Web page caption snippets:
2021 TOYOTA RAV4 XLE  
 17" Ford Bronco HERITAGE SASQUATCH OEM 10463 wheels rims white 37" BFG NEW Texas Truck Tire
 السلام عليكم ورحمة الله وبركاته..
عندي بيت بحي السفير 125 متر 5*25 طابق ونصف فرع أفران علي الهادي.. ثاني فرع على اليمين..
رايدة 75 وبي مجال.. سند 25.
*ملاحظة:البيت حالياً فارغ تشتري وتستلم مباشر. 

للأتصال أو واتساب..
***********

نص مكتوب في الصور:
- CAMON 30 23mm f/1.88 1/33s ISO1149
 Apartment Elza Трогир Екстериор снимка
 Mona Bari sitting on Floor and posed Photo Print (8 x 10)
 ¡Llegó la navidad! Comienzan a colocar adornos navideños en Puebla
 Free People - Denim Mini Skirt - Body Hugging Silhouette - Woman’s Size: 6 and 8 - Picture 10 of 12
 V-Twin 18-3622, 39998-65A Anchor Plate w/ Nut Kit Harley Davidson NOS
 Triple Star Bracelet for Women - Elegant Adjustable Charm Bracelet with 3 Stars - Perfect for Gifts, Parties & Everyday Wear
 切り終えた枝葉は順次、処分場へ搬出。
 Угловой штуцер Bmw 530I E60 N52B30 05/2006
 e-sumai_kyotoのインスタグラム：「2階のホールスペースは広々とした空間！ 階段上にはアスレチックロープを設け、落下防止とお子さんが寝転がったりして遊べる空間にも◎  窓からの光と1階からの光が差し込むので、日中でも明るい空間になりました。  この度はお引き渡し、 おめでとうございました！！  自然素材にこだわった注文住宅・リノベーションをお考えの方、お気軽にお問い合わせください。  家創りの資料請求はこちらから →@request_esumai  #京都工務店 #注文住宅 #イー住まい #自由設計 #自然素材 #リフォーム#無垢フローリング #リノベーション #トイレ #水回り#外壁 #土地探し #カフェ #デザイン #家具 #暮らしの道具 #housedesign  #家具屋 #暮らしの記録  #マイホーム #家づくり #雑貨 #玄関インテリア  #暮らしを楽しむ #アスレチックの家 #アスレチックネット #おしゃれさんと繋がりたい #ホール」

- **What is required**
Reproduce only the lines running from the one that contains "navideños en Puebla" to the last line of the records.

- **Result of the exercise**
 ¡Llegó la navidad! Comienzan a colocar adornos navideños en Puebla
 Free People - Denim Mini Skirt - Body Hugging Silhouette - Woman’s Size: 6 and 8 - Picture 10 of 12
 V-Twin 18-3622, 39998-65A Anchor Plate w/ Nut Kit Harley Davidson NOS
 Triple Star Bracelet for Women - Elegant Adjustable Charm Bracelet with 3 Stars - Perfect for Gifts, Parties & Everyday Wear
 切り終えた枝葉は順次、処分場へ搬出。
 Угловой штуцер Bmw 530I E60 N52B30 05/2006
 e-sumai_kyotoのインスタグラム：「2階のホールスペースは広々とした空間！ 階段上にはアスレチックロープを設け、落下防止とお子さんが寝転がったりして遊べる空間にも◎  窓からの光と1階からの光が差し込むので、日中でも明るい空間になりました。  この度はお引き渡し、 おめでとうございました！！  自然素材にこだわった注文住宅・リノベーションをお考えの方、お気軽にお問い合わせください。  家創りの資料請求はこちらから →@request_esumai  #京都工務店 #注文住宅 #イー住まい #自由設計 #自然素材 #リフォーム#無垢フローリング #リノベーション #トイレ #水回り#外壁 #土地探し #カフェ #デザイン #家具 #暮らしの道具 #housedesign  #家具屋 #暮らしの記録  #マイホーム #家づくり #雑貨 #玄関インテリア  #暮らしを楽しむ #アスレチックの家 #アスレチックネット #おしゃれさんと繋がりたい #ホール」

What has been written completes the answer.